*Task data*:
● ● ● ● ●

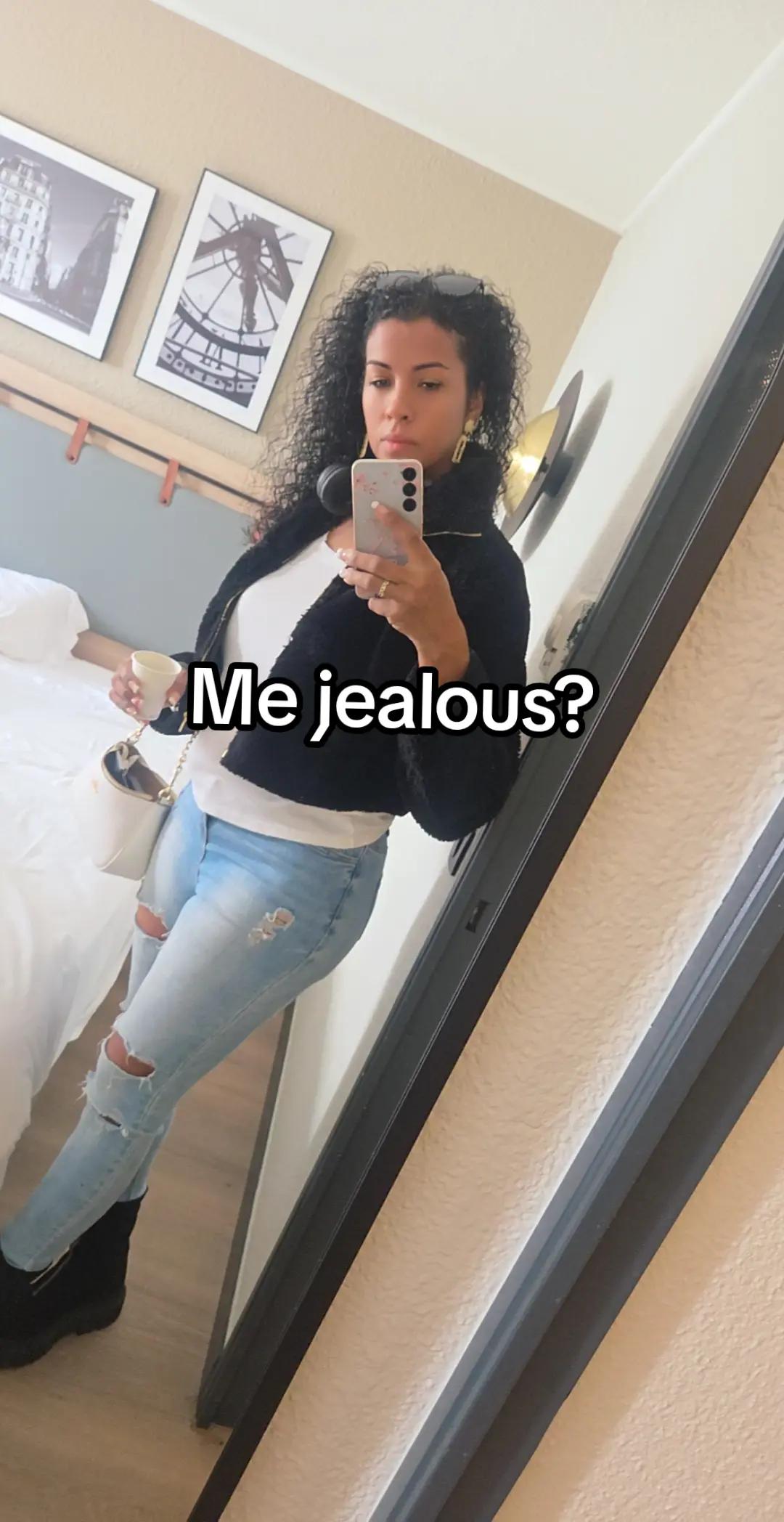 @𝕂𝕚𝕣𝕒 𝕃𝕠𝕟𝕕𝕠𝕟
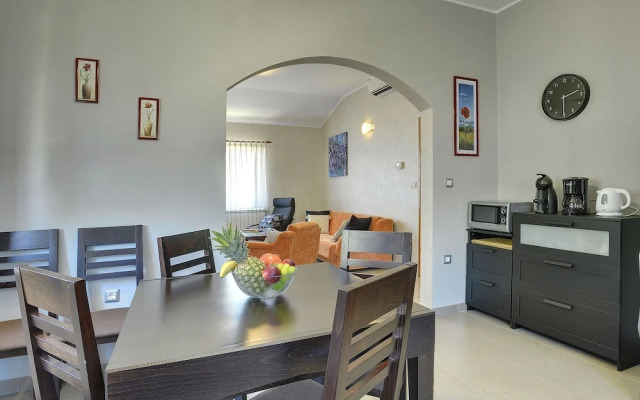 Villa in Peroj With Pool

● ● ● ● ●

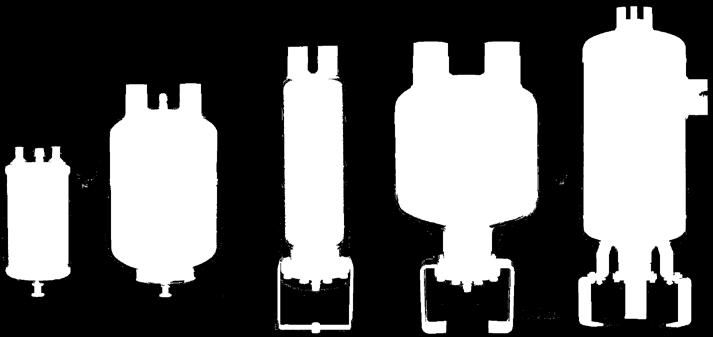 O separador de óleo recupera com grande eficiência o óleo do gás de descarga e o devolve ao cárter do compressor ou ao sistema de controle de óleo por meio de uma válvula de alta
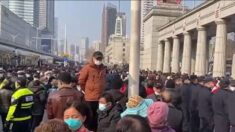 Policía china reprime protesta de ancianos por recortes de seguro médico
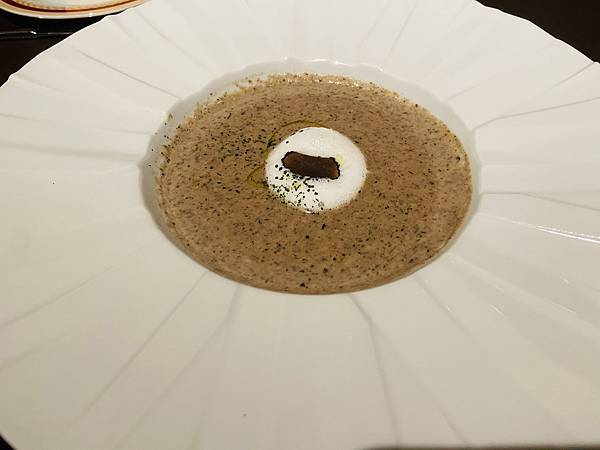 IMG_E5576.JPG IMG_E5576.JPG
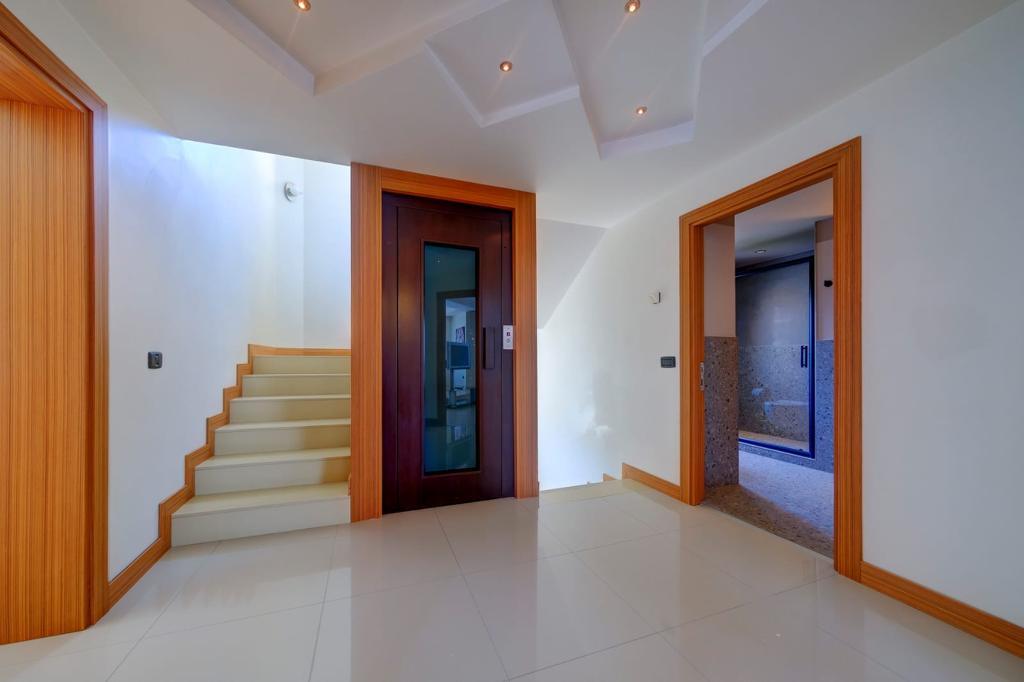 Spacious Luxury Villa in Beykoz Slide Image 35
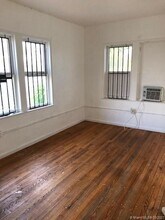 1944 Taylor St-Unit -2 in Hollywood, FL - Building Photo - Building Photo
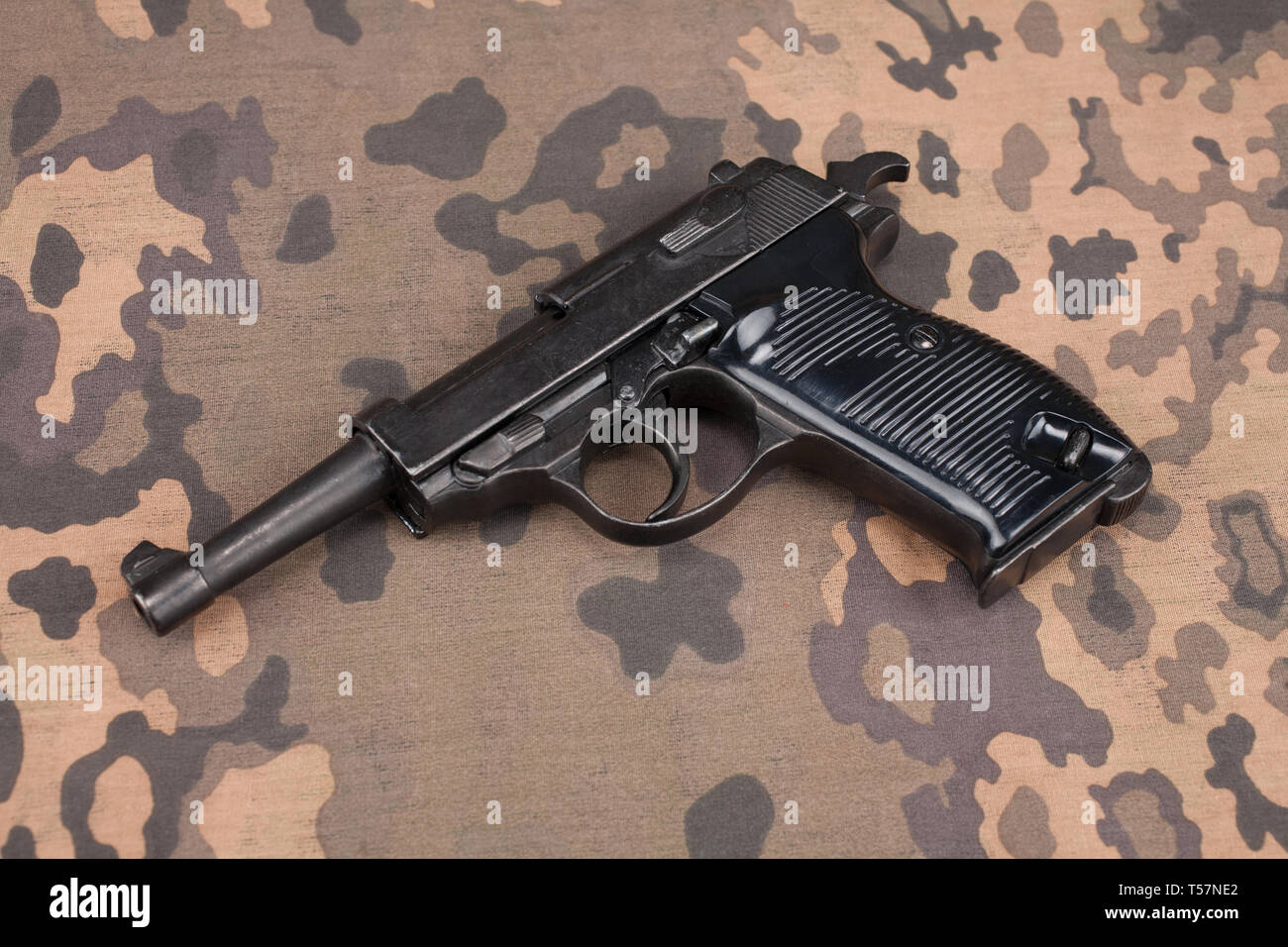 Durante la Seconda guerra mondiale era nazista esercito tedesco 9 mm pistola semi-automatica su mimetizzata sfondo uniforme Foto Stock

● ● ● ● ●

*Exercise requirements*: Using the records above, return word for word the lines that begin at the one containing "IMG_E5576.JPG IMG_E5576.JPG" and end at the one containing "Durante la Seconda", both of them included and no pictures.

*Written response*:
 IMG_E5576.JPG IMG_E5576.JPG
 Spacious Luxury Villa in Beykoz Slide Image 35
 1944 Taylor St-Unit -2 in Hollywood, FL - Building Photo - Building Photo
 Durante la Seconda guerra mondiale era nazista esercito tedesco 9 mm pistola semi-automatica su mimetizzata sfondo uniforme Foto Stock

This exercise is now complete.